Genre : Bande dessinée –

Auteur : LL de Mars construit patiemment une oeuvre en forme de maillage disciplinaire depuis
la fin des années 80 : il s’est consacré à l’art contemporain (expositions, création collective
d’un centre d’art) à la littérature (création de revues, livres), à la poésie (sonore et écrite),
à la musique expérimentale (concerts, laboratoires collectifs), à la vidéo (films et
animations) et enfin, depuis une quinzaine d’années, à la bande dessinée. Son travail en
bandes dessinée est tout autant le résultat de cette approche modale qu’un des moments de
sa création. Il est l’auteur d’une vingtaine d’albums dont Quelques prières d’urgence…
(Les Rêveurs, 2009), Comment Betty vint au monde (Tanibis, 2011), Hapax (Hooche
Coochie, 2013), Docilités (La Cinquième Couche, 2017) ou encore JACK KIRBY
WALKED THROUGH BROKEN PORTICOES (Adverse, 2016).


Le livre

Voici un livre abondamment, savamment documenté qui lève le voile pour la première fois sur le monde mal connu, à la fois si proche et si lointain, de la bande dessinée dite indépendante. Établi sur des faits réels et une connaissance intime de ses rouages, il le traverse avec une foule de détails et d’anecdotes surprenantes. Faisons le pari que si elle vous guérit à jamais de l’envie de créer, d’éditer ou de vendre des bandes dessinées, cette promenade dans les mondes du dessin, de l’édition, de la critique, de la diffusion, de la librairie, de l’exposition, des salons, éclairera d’une lumière nouvelle votre plaisir à en lire.

Mais encore :

Est-il moins humiliant d’être un peintre du dimanche qu’un génie de la bande dessinée ? Les libraires lisent-ils des livres avec des images ? L’Albendazole est-il efficace contre le système de distribution ? Doit-on laisser une page libre dans les albums pour que les éditeurs puissent exprimer leur créativité ? Les grands sujets en bande dessinée élèvent-ils les bandes dessinées ou abaissent-ils les grands sujets ?
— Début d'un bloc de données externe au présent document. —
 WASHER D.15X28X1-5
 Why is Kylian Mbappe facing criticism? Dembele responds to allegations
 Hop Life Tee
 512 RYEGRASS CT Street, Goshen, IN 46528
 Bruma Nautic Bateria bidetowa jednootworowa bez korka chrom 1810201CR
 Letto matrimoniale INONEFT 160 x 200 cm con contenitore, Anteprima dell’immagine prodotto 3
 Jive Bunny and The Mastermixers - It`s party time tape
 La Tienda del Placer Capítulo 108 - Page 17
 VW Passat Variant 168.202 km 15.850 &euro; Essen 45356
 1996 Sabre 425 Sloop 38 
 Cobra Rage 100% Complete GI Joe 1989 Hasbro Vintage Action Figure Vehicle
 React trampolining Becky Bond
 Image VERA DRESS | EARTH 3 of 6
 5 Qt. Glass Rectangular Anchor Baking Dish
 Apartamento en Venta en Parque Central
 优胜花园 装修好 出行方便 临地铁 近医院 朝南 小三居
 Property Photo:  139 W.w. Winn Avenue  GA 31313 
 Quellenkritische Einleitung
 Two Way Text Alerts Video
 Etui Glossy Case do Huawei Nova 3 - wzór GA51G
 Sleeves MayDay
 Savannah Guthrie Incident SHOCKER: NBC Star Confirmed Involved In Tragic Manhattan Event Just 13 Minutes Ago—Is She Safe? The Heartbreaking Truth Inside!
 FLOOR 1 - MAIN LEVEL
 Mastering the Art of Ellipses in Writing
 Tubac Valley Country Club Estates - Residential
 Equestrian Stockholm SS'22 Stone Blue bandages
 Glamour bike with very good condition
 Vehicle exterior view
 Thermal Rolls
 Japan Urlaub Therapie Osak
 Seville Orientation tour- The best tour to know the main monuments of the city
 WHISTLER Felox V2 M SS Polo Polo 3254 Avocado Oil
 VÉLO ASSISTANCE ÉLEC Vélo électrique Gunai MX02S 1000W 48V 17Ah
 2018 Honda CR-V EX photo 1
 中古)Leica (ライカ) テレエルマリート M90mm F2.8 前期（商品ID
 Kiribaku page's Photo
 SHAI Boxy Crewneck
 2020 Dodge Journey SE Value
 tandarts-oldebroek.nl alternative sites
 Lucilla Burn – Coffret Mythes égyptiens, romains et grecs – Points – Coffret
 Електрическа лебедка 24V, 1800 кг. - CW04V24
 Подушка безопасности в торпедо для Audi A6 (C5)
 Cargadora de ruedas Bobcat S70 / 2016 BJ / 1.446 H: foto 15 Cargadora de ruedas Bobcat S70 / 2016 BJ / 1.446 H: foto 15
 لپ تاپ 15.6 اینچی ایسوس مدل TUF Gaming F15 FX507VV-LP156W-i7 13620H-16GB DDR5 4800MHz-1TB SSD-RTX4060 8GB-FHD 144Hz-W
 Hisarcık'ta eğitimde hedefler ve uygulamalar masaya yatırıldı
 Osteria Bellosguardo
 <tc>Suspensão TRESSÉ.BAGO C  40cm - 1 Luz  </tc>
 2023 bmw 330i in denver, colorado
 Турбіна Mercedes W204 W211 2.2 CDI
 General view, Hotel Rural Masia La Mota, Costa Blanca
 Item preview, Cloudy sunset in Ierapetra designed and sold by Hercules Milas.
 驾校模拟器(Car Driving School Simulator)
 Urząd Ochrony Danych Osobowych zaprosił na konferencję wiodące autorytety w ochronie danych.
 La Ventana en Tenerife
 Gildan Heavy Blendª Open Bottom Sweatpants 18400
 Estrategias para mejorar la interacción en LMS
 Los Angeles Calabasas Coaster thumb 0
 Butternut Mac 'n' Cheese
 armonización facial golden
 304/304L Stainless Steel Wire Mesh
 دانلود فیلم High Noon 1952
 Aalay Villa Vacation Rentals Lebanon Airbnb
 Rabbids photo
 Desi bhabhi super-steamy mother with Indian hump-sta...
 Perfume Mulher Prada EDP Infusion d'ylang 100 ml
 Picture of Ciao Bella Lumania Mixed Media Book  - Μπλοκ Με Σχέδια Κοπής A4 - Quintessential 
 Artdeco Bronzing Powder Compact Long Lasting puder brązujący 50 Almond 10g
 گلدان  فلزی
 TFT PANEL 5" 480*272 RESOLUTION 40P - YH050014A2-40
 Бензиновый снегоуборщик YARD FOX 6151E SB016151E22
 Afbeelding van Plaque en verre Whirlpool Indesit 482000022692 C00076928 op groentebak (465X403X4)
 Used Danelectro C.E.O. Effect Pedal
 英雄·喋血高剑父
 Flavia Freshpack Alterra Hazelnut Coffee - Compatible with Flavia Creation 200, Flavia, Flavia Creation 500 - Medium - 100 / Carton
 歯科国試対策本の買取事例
Si le texte d’une bulle est trop long, le personnage va-t-il dépasser sa destination ou s’arrêter de courir le temps qu’on ait fini de lire ? Autant de questions passionnantes auxquelles un solide accompagnement pédagogique à travers la mécanique complexe des bandes dessinées peut apporter un éclairage.

C’est l’objectif que s’est fixé ce nouvel opus de notre désormais célèbre collection Manuel de l’utilisateur
destinée à révéler en vous la brillante créature mondaine dont chacun se disputera la compagnie !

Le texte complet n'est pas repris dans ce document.